Dans le cadre des investigations en cours concernant certaines pratiques mises en oeuvre au sein de Colas Djibouti, il appert que :

- vous avez participé en tant qu’auteur et/ou complice à un système de falsification de nature à causer des préjudices notamment à L’US Navy.

- et/ ou ayant eu ou devant avoir connaissance de ces pratiques, vous n’avez pas pris les mesures correctrices qui s’avéraient nécessaires.

Ces griefs pris individuellement sont en violation notamment des principes de conduite du groupe Colas et du code d’Ethique Bouygues sont de nature à avoir des conséquences très graves pour notre société, pour Colas Djibouti, pour les autres sociétés du groupe Colas, ainsi que pour les autres sociétés du groupe Bouygues. Ils constituent individuellement une faute grave qui rend impossible votre maintien dans notre société.

En conséquence, nous sommes contraints de vous notifier votre licenciement pour faute grave'

Monsieur X soutient que le licenciement dont il a fait l’objet est dépourvu de cause et sérieuse.
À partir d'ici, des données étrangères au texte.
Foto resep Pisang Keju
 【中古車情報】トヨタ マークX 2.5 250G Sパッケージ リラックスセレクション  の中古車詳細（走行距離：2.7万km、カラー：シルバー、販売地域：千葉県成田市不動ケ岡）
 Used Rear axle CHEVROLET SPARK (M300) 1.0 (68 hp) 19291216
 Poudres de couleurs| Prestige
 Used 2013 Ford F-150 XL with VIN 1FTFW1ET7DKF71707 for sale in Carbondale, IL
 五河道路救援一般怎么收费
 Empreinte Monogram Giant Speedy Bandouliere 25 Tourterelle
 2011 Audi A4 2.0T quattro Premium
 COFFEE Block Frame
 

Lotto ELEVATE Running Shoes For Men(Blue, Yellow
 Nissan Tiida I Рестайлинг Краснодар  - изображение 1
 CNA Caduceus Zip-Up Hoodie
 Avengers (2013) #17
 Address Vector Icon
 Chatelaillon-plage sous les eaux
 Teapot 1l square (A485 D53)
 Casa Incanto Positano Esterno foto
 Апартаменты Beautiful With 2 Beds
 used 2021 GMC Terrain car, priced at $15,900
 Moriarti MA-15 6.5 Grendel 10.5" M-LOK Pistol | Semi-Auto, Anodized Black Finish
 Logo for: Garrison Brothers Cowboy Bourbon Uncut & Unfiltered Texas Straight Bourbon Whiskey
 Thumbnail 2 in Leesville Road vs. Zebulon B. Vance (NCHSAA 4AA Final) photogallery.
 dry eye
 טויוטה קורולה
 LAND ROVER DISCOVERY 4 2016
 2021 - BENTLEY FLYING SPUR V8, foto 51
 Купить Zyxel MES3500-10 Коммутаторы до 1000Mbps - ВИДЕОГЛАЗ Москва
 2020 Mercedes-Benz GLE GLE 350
Il affirme que les faits qui lui sont reprochés sont prescrits et au fond indique qu’il n’a jamais eu aucun pouvoir de direction sur le personnel de la société Colas Djibouti, qu’il a toujours exercé ses missions en étant basé à Dubai, qu’il est seulement venu en renfort à Djibouti du 3 au 6 mars, du 31 mars au 3 avril et du 7 au 10 avril 2014, que son intervention dans le contrat BL Habert International s’est limitée aux aspects contractuels à l’exclusion de toute analyse technique et financière, qu’il n’a jamais été informé par les personnes en charge du contrôle de la société Colas Djibouti des falsifications opérées dont il a été informé pour la première fois le 18 juin 2014 par le client lui-même, la société BL Harbert International, qu’il avait uniquement connaissance de la non-conformité de l’eau disponible à Djibouti et de certaines non-conformités des agrégats par rapport aux exigences de ce client et a pris les mesures nécessaires dès qu’il en a été avisé, qu’il a de même immédiatement informé sa hiérarchie lorsqu’il a été avisé des falsifications des rapports, que la société Echangeur International n’apporte aucune preuve de sa participation ou de sa complicité dans le système de fraude mis au jour.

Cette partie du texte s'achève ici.